Problem description: Please repeat exactly the lines below from the line with "Succulents and Sparkle" to the line with "Dmora Verviers Outdoor", including both, and leave out every picture.

Supplied data:
########################################

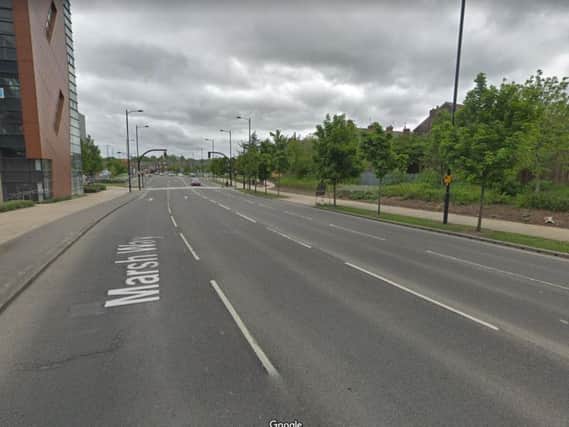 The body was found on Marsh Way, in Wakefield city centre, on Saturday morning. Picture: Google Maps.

########################################

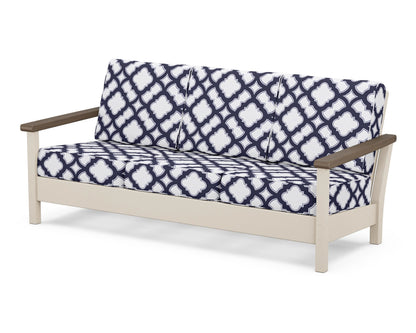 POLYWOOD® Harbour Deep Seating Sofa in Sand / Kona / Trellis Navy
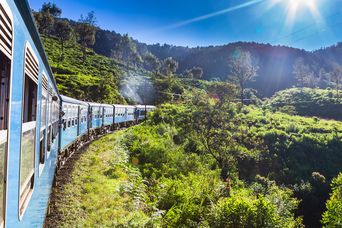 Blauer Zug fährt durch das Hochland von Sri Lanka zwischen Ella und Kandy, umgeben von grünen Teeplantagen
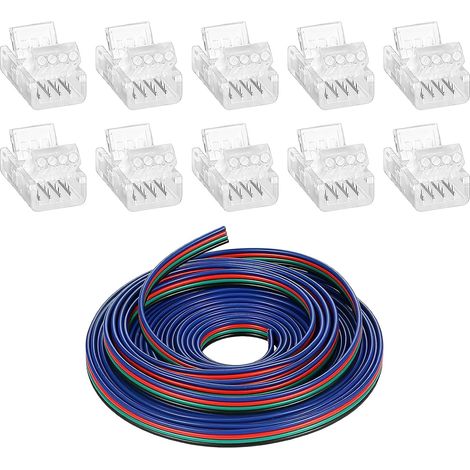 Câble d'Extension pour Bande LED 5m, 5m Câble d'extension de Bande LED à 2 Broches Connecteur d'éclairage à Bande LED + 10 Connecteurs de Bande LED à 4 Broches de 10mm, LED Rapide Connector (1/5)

########################################

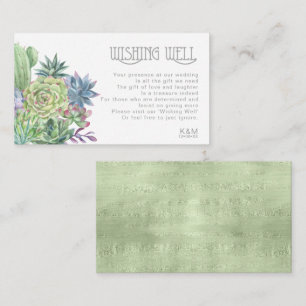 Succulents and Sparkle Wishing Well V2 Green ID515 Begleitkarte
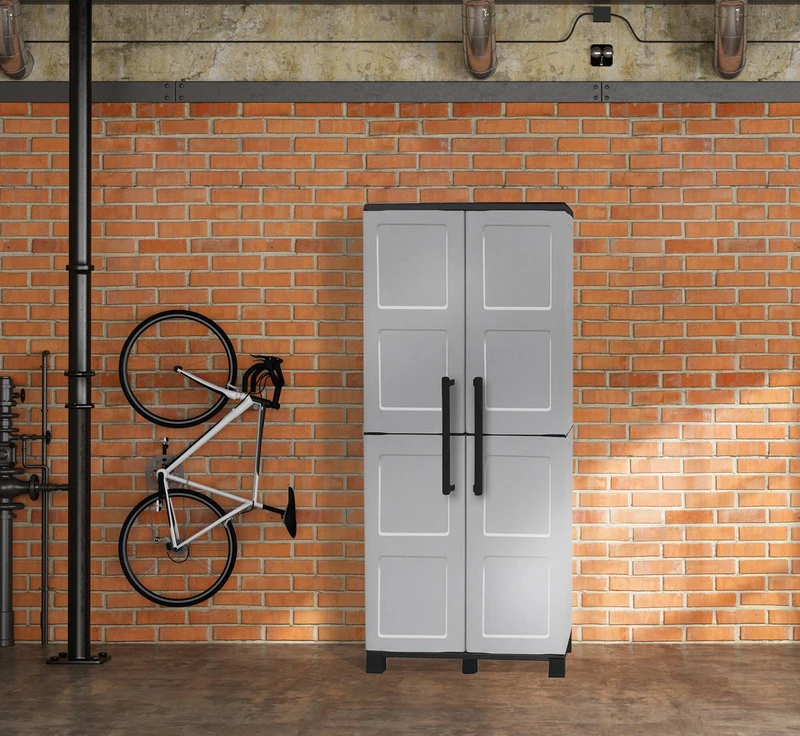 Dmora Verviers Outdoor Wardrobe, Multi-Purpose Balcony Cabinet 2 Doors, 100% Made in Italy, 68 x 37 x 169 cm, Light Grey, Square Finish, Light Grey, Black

########################################

Reply to the task:
 Succulents and Sparkle Wishing Well V2 Green ID515 Begleitkarte
 Dmora Verviers Outdoor Wardrobe, Multi-Purpose Balcony Cabinet 2 Doors, 100% Made in Italy, 68 x 37 x 169 cm, Light Grey, Square Finish, Light Grey, Black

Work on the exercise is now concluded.